What the task requires
Look below for the line holding "Landscape alpine panorama" and the line holding "Greensboro Coliseum, Greensboro". Transcribe exactly those lines and all lines between them, nothing more.

Data for the task
§ §
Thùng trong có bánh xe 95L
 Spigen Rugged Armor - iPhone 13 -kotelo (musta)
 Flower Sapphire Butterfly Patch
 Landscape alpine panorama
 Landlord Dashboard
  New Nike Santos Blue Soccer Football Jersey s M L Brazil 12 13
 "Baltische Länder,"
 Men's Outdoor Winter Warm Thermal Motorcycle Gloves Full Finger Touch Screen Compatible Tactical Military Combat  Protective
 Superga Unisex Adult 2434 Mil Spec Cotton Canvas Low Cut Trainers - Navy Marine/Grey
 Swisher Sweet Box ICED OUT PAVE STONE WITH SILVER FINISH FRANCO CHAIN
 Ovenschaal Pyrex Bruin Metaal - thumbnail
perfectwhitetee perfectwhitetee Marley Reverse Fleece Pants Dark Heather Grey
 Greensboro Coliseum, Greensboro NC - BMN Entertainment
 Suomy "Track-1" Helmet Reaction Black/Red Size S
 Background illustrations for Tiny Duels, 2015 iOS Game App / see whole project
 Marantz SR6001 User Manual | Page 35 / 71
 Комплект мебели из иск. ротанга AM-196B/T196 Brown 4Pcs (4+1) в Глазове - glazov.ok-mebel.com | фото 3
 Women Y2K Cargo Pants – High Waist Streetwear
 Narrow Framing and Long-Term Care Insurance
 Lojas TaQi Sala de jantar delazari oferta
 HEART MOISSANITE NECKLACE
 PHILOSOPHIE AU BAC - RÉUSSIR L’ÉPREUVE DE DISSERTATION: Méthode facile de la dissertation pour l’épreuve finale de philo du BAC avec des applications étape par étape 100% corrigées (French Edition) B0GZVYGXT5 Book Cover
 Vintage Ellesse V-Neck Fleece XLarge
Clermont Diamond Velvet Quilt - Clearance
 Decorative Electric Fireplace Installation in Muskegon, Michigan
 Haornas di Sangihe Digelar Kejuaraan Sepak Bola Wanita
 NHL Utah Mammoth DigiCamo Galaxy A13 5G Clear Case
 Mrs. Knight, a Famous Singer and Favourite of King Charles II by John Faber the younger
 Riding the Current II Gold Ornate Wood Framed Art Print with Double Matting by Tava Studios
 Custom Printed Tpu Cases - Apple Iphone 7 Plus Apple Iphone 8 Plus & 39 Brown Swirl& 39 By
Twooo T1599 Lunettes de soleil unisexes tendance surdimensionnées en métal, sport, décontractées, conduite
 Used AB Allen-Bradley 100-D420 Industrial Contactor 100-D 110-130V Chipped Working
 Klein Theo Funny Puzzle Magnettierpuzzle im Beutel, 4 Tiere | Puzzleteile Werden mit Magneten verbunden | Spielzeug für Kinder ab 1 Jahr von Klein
§ §
Response area
 Landscape alpine panorama
 Landlord Dashboard
  New Nike Santos Blue Soccer Football Jersey s M L Brazil 12 13
 "Baltische Länder,"
 Men's Outdoor Winter Warm Thermal Motorcycle Gloves Full Finger Touch Screen Compatible Tactical Military Combat  Protective
 Superga Unisex Adult 2434 Mil Spec Cotton Canvas Low Cut Trainers - Navy Marine/Grey
 Swisher Sweet Box ICED OUT PAVE STONE WITH SILVER FINISH FRANCO CHAIN
 Ovenschaal Pyrex Bruin Metaal - thumbnail
perfectwhitetee perfectwhitetee Marley Reverse Fleece Pants Dark Heather Grey
 Greensboro Coliseum, Greensboro NC - BMN Entertainment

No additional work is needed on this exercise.